For those who have this problem and are looking for a 'fix all' solution... This is how I eventually fixed it:
public static string RemoveTroublesomeCharacters(string inString)
{
if (inString == null)
{
return null;
}
else
{
char ch;
Regex regex = new Regex(@"[^\u0000-\u007F]", RegexOptions.IgnoreCase);
Match charMatch = regex.Match(inString);
for (int i = 0; i < inString.Length; i++)
{
ch = inString[i];
if (char.IsControl(ch))
{
string matchedChar = ch.ToString();
inString = inString.Replace(matchedChar, string.Empty);
}
}
while (charMatch.Success)
{
string matchedChar = charMatch.ToString();
inString = inString.Replace(matchedChar, string.Empty);
charMatch = charMatch.NextMatch();
}
}
return inString;
}
I'll break it down a bit more detail for those less experienced:
We first loop through every character of the entire string and use the IsControl method of char to determine if a character is a control character or not.
If a control character is found, copy that matched character to a string then use the Replace method to change the control character to an empty string.
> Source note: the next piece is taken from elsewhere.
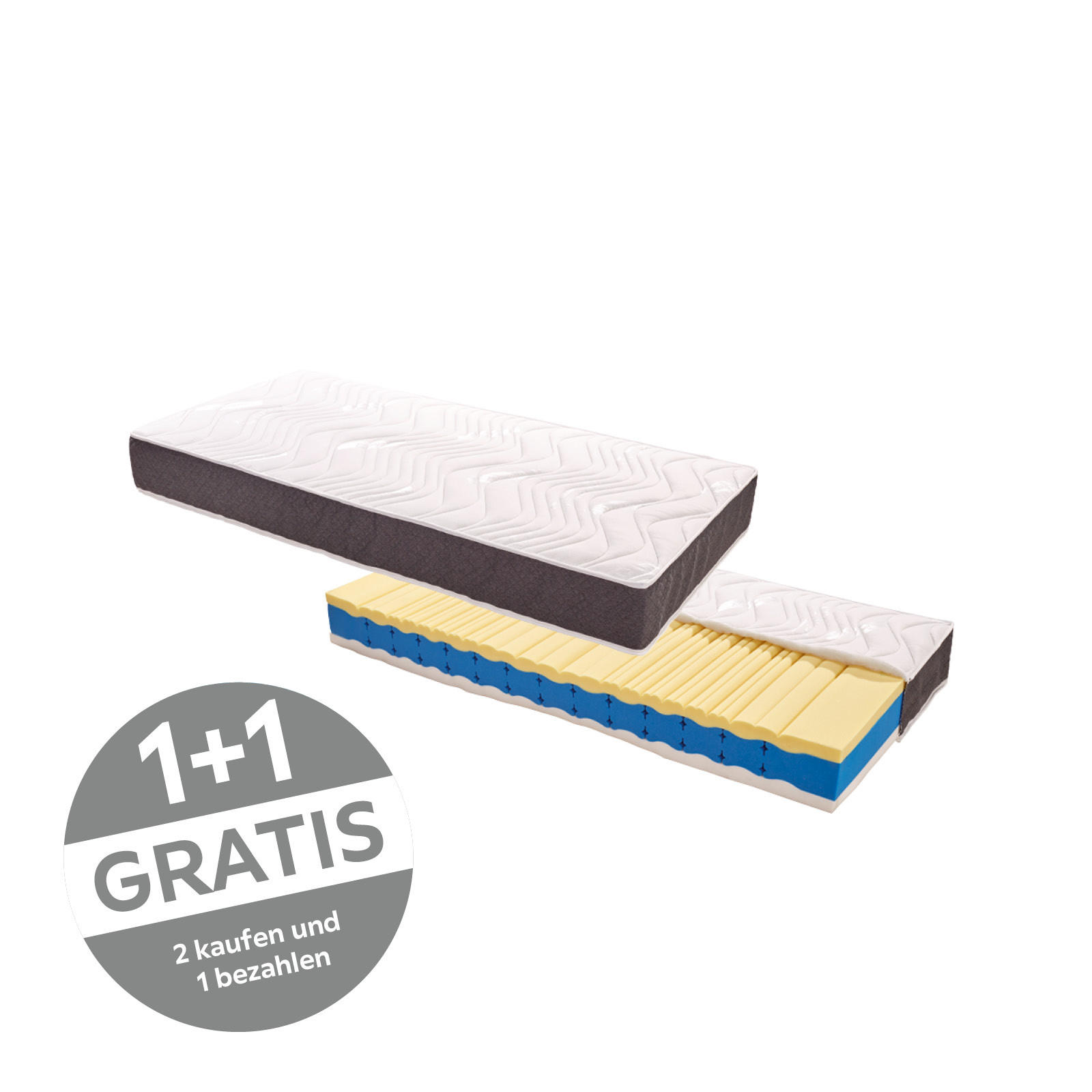 VISCOMATRATZE 90/200 cm Höhe ca. 22 cm  - Weiß, KONVENTIONELL, Textil (90/200cm) - Livetastic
Rinse and repeat for the rest of the string.
Once we have looped through the entire string we then use the regex defined (which will match any character that is not a control character or standard ascii character) and again replace the matched character with an empty string. Doing this in a while loop means that all the time charMatch is true the character will be replaced.
Finally once all characters are removed and we have looped the entire string we return the inString.
(Note: I have still not yet managed to figure out how to repopulate the TextBox with the new modified inString value, so if anyone can point out how it can be done that would be great)